**Exercise:**
Transcribe, without alteration, the line that includes "A bowl of fried" and each line after it until the records end, omitting all that precede it.
#### Records for this exercise ####
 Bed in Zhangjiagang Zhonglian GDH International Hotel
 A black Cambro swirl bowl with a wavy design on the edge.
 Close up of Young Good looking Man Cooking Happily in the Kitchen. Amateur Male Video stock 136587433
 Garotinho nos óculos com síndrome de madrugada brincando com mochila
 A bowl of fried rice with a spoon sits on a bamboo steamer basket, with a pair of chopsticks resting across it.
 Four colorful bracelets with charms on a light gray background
####
**Task solution:**
 A bowl of fried rice with a spoon sits on a bamboo steamer basket, with a pair of chopsticks resting across it.
 Four colorful bracelets with charms on a light gray background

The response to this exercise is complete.